Return on investment
We launched our first web pilot in May, so our results are preliminary. We now have 900 people using our web platform with almost 600 sign ups during our 4 week pilot period. Through our partnership with SheStarts, we've built our web product without up-front capital investment. We secured $25,000 in funding from the ACT government and raised another $30,000 from the community through a month-long Kickstarter in June. We'lll use these funds to further develop our platform's features and to incorporate a rigorous carbon calculator model and how-to video content. User testing shows these features are most likely to increase user engagement. For our pilot, our cost of acquiring users was roughly 30 cents per user, based on our marketing spend.
How could we successfully replicate this solution elsewhere?

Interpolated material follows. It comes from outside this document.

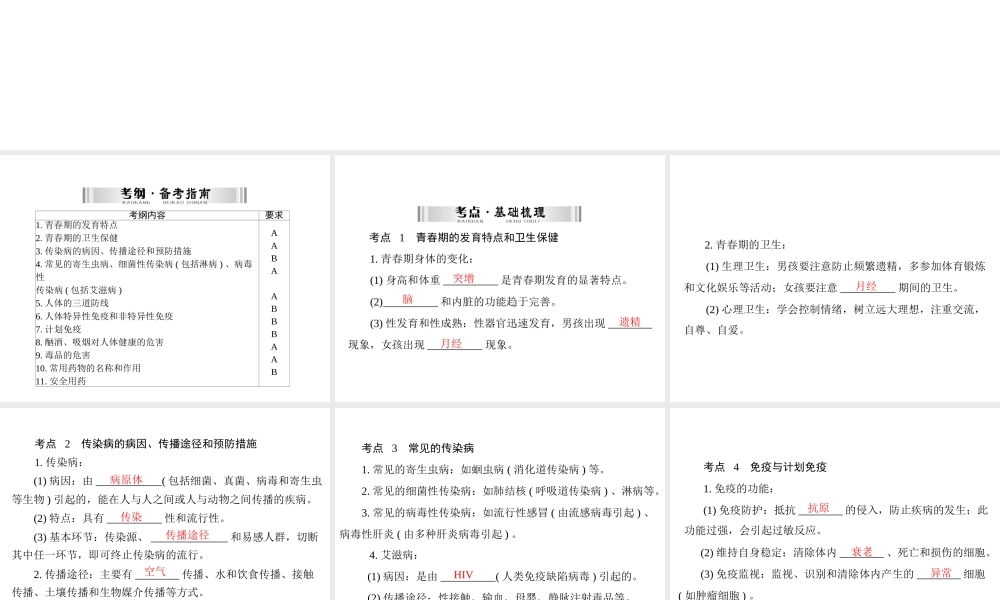 【南方新中考】（梅州）2015中考生物 第一部分 第3单元 第五讲 健康地生活复习课件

The Neighbourhood Effect's purpose is to create a community-driven model for sustainable behaviour change that we can replicate in cities and towns with high per capita emissions. There are some great organisations working in this area, including 1 Million Women & Cleanbit Systems. Our approach differs in that we're hyper-local & community-focused. There are patchy examples of this model being used elsewhere, but not at scale, nor in a way that's successfully tech-enabled. An analogous approach is Welltok's platform, which successfully reduces claims on health insurance due to behavioural nudges helping clients change their diet and exercise. We're raising $450,000 in Q42018 to hire a data scientist and front end developer and cover development, marketing, legal & accounting costs. We would use the $25,000 prize to develop a feature that allows community members to set up and participate in gift and sharing economies in their neighbourhoods. We know there's great demand for this.